__Description of the task__: While leaving the pictures out, set down only the lines from the one with "زوج عمره 80‎%‎" through the end of the records, exactly as they stand.
(Study material begins)
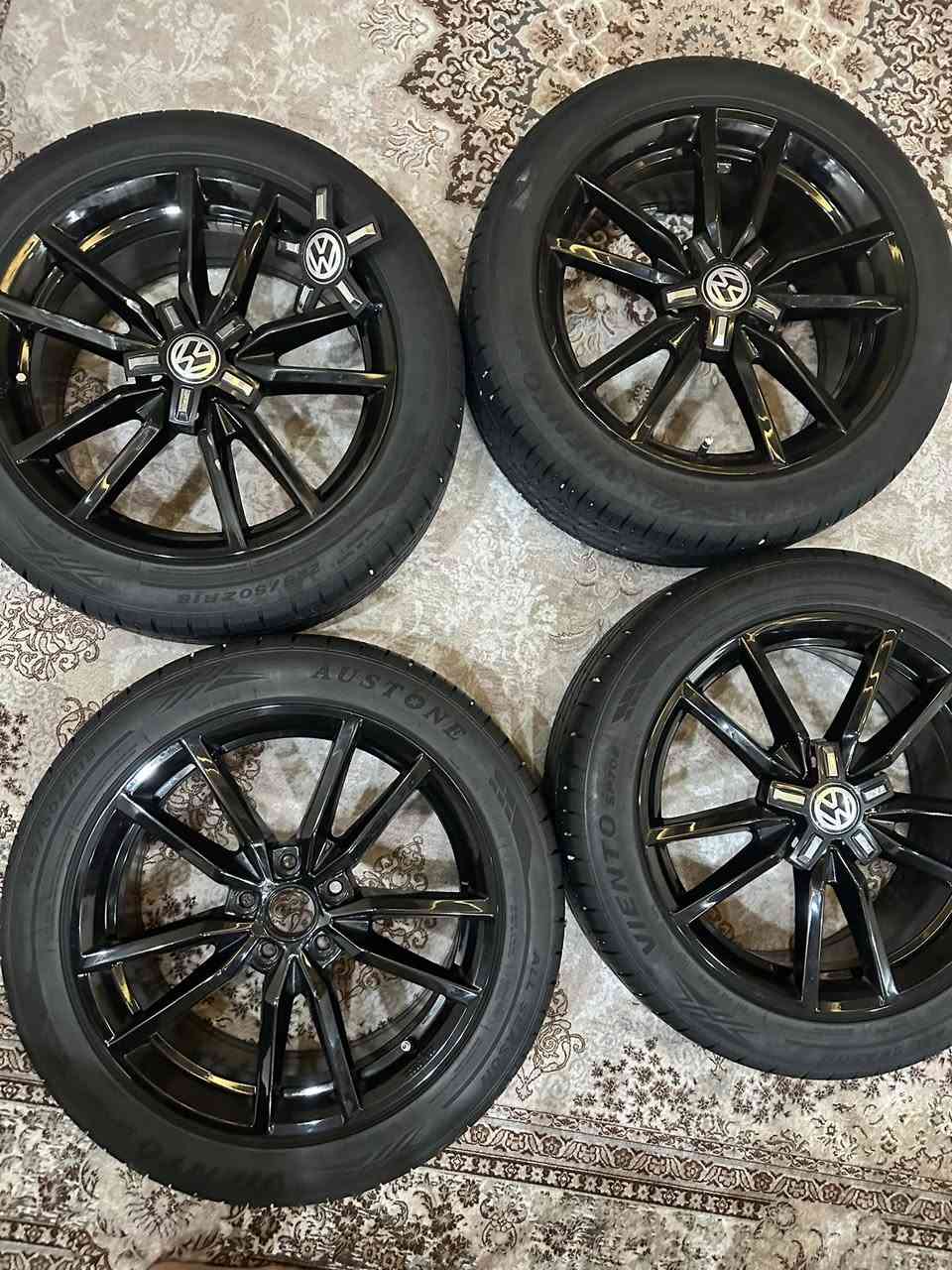 للبيع تاخم تاير وويل تايرات جديد 
زوج عمره 80‎%‎
زوج عمره 100‎%‎
مكان كركوك 
يرهم له باسات و جيتا و كولف
***********
450 الف 
ويل واحد فقط بي شخط بدون كسر و عواج و لحيم
قياسه 225/50/18
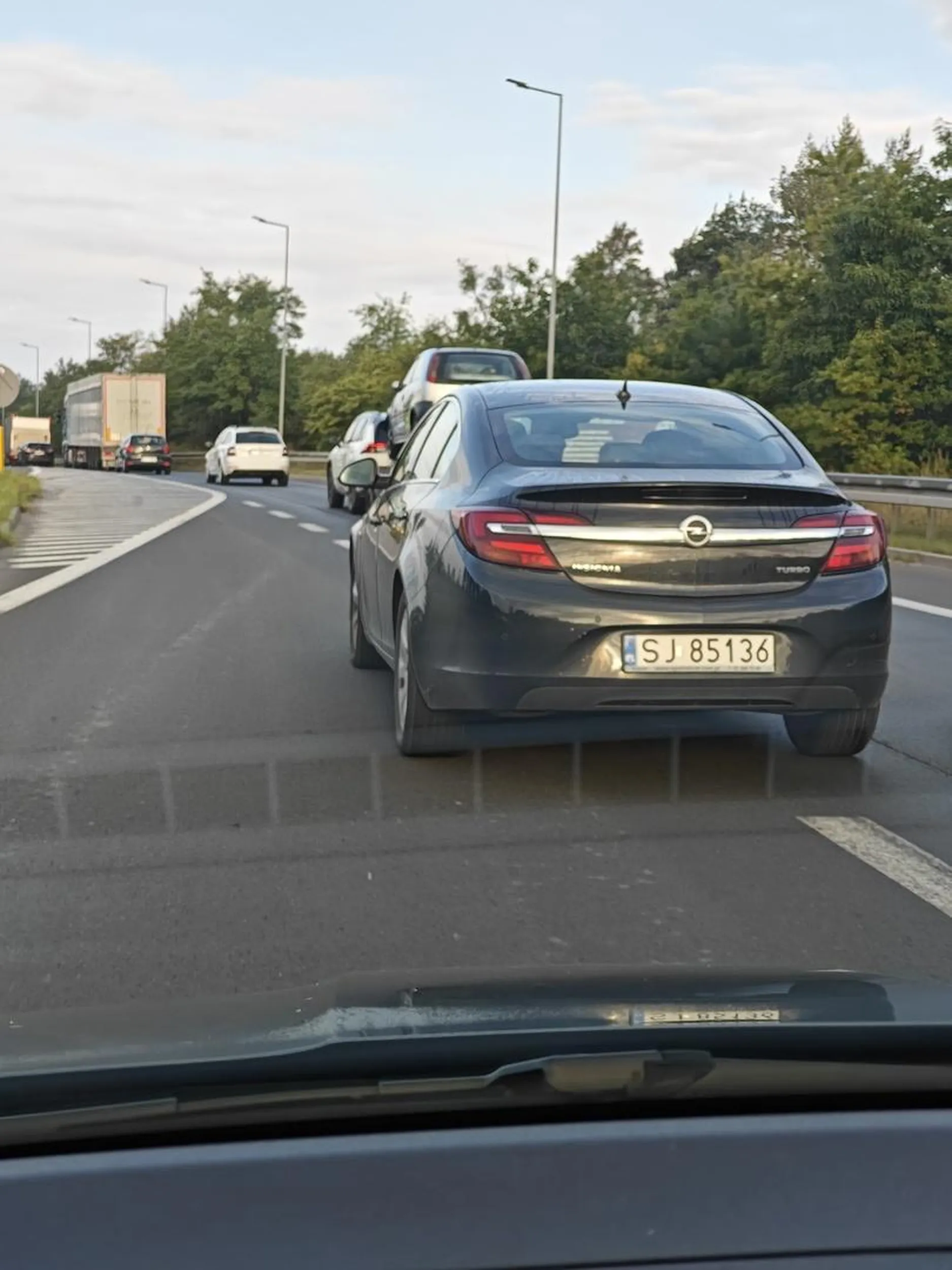 Szeryf, jedzie środkiem i zabrania jechać lewym pasem do końca, jeszcze bardziej zwiększając korek. Brak słów na takich baranów.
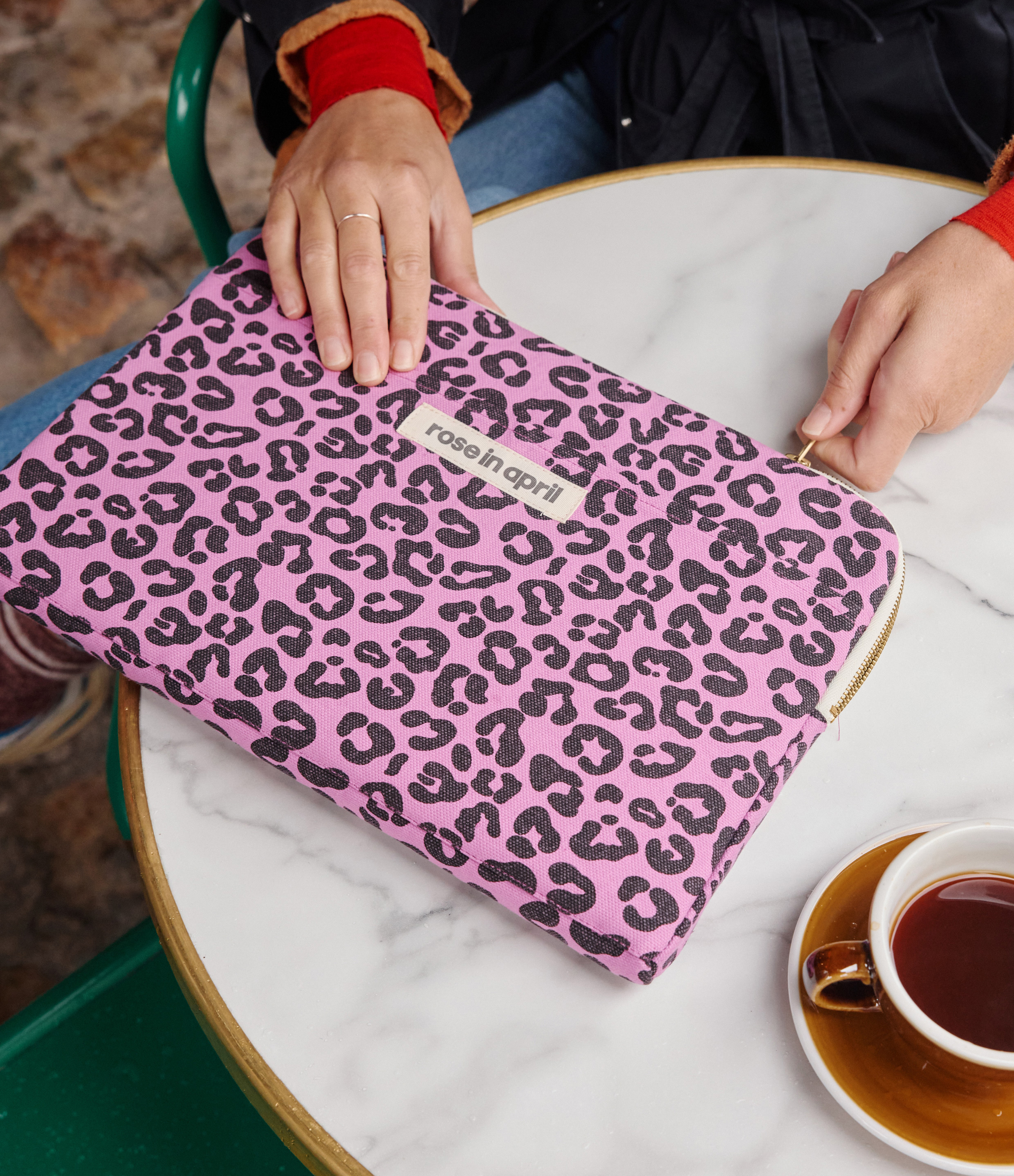 Octave Graou Orchid 13 & 14" Laptop Sleeve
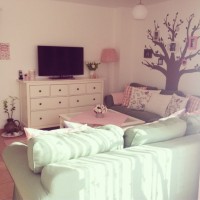 Ebru Hanım'ın her köşesi güzel değerlendirilmiş iç açıcı evi..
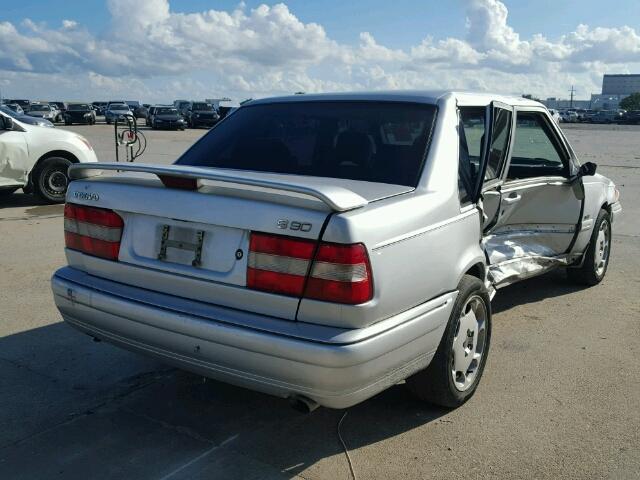 YV1KS960XW1132498 - 1998 VOLVO S90 SILVER photo 4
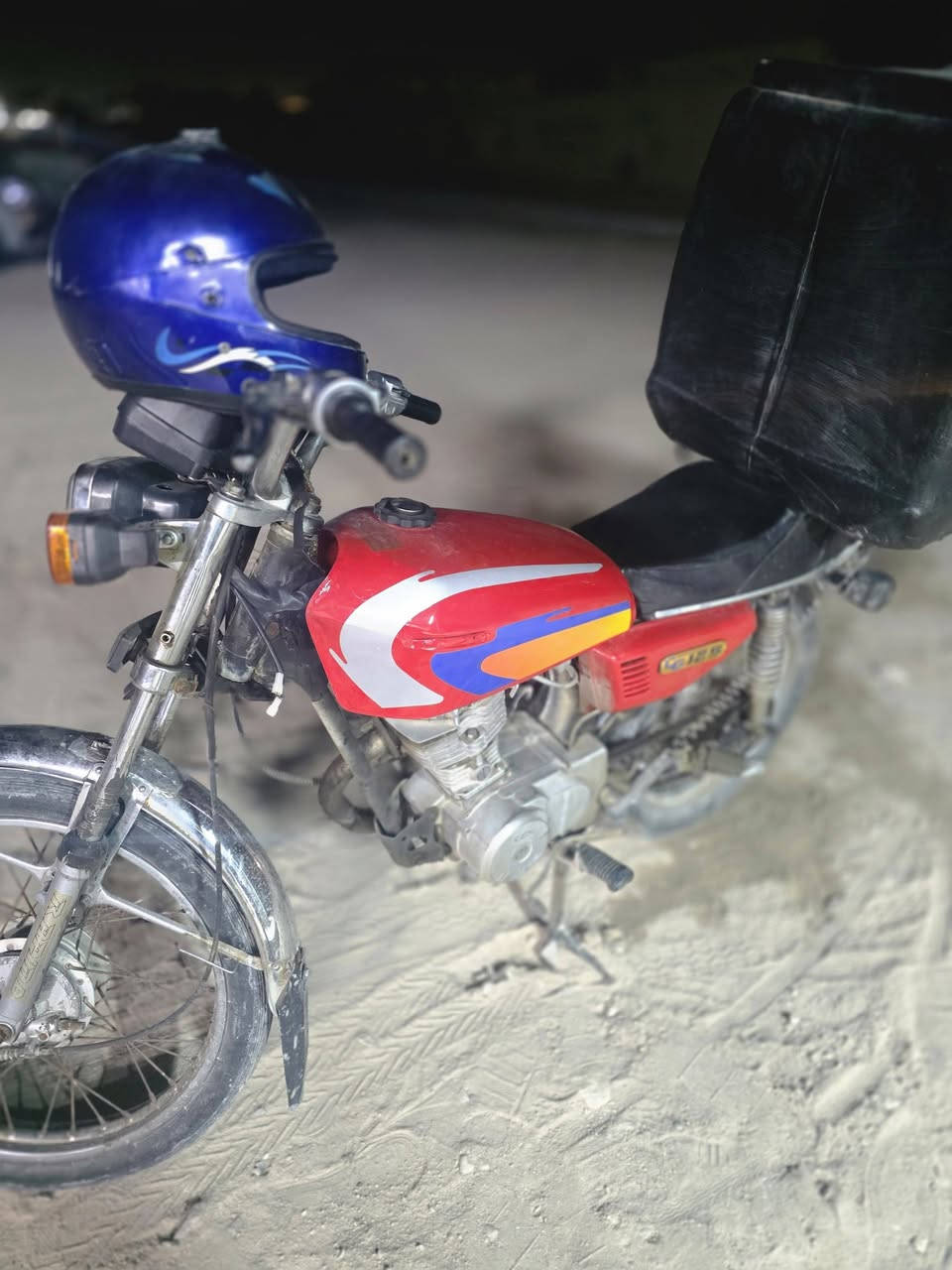 السلام عليكم شباب دراجة اوراق اصولي موديل 2011 كلشي تعمير جديد بس مكينة قديمه وبعض الاشياء البسيطة هم قديمة سعره 500 للتواصل *********** عنواني الزبير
(Study material ends)
__Solution to this problem__:
زوج عمره 80‎%‎
زوج عمره 100‎%‎
مكان كركوك 
يرهم له باسات و جيتا و كولف
***********
450 الف 
ويل واحد فقط بي شخط بدون كسر و عواج و لحيم
قياسه 225/50/18
 Szeryf, jedzie środkiem i zabrania jechać lewym pasem do końca, jeszcze bardziej zwiększając korek. Brak słów na takich baranów.
 Octave Graou Orchid 13 & 14" Laptop Sleeve
 Ebru Hanım'ın her köşesi güzel değerlendirilmiş iç açıcı evi..
 YV1KS960XW1132498 - 1998 VOLVO S90 SILVER photo 4
 السلام عليكم شباب دراجة اوراق اصولي موديل 2011 كلشي تعمير جديد بس مكينة قديمه وبعض الاشياء البسيطة هم قديمة سعره 500 للتواصل *********** عنواني الزبير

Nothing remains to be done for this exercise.